Anamorphic information

Introduction

Traditionally we, and computers, think of ‘pixels’ as square dots, but in the world of video this is not necessarily the case. The width:height pixel ratio is not always 1:1. The reasons for this are historic, allowing analogue and digital video to coexist. In relation to DVD video, pixels can only be stretched along its horizontal plane (left-right, widthways). So the pixels of a DVD movie that make up its height, 576 for PAL, 480 for NTSC, are not allowed to be stretched vertically. But, in contrast, the pixels that make up its width, 720 for both PAL and NTSC, are allowed to be stretched.

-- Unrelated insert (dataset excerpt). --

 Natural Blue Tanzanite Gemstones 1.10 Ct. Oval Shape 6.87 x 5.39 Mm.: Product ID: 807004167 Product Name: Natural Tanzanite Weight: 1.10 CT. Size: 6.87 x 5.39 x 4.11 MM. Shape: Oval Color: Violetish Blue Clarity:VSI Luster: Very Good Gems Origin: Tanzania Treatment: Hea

Take a look at the three little video screenshots below. The first picture shows how the video is stored on the original DVD. If we were to view it like this it would have an incorrect aspect ratio, they all look too thin, it either needs a reduction in its vertical plane (top|bottom needs squashing) or stretching of its horizontal plane (left|right being pulled out). The second picture shows a correct aspect ratio, the vertical plane has been reduced, all is well, and no one looks too thin or too fat. This would be the traditional method used when converting DVD video; it is also video.NETs default, none anamorphic method used. The DVD video will be resized preserving the correct aspect ratio. But, there is another method, anamorphic encoding (the third screenshot).

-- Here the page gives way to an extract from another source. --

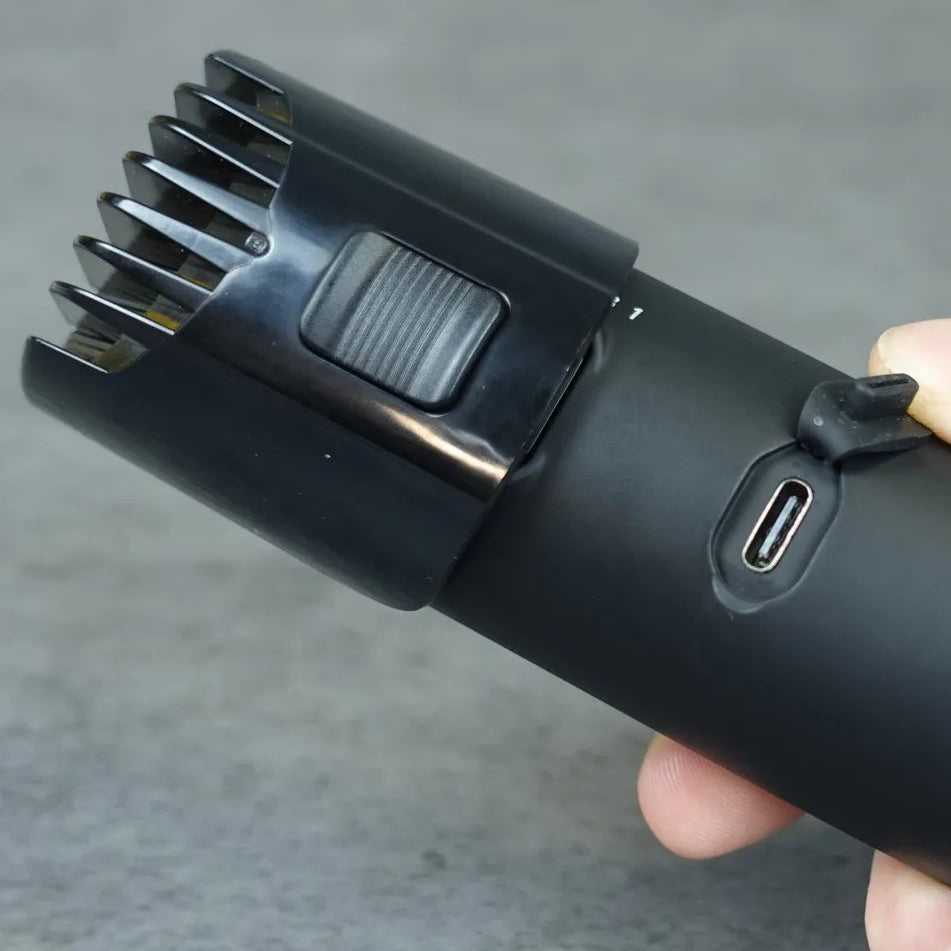 Black body groomer held in a hand with adjustable guide comb against a gray background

Original picture as stored on DVD, incorrect aspect ratio.   Traditional resize methods, reduced height, correct aspect ratio.   Original signalled to expand horizontally, vertical preserved, correct aspect ratio.

Remember when we said 'not to alter the height of the vertical plane'... Well, that would only then allow us to alter the width, in our original 720x480 example we would need to horizontally stretch our image to 853x480 pixels to obtain the correct aspect ratio. That means 'up-scaling', resizing and encoding our video to a larger size than the original which is just silly, the file will need more bits to encode, take longer, just a complete 'no-no'.

So what do we do? Well, we do what the original DVD video does; we encode and store it as anamorphic. We encode and store it just like that in the first screenshot shown above and signal that the pixels are not square. The player viewing the video will then take this into account and display it correctly, just like in the third screenshot, and just like your DVD player would, no resizing during the encode is required.


Strict or loose

The anamorphic method we have spoken about so far is ‘strict’; it will store the exact pixel ratio within the video file, problem is, sometimes being exact is not good. Numbers like 853 are not exactly ‘computer’ numbers, or more importantly, encoders! Encoders like numbers that divide by 16, that’s usually always been the best option, but modern day codecs are much better and numbers that divide by 8 and 4, and even 2, will suffice. So what happens with loose anamorphic is the same as strict but it then slightly alters the size if need be to make sure the dimensions cleanly divide by 16, or 8 in the case of video.NET.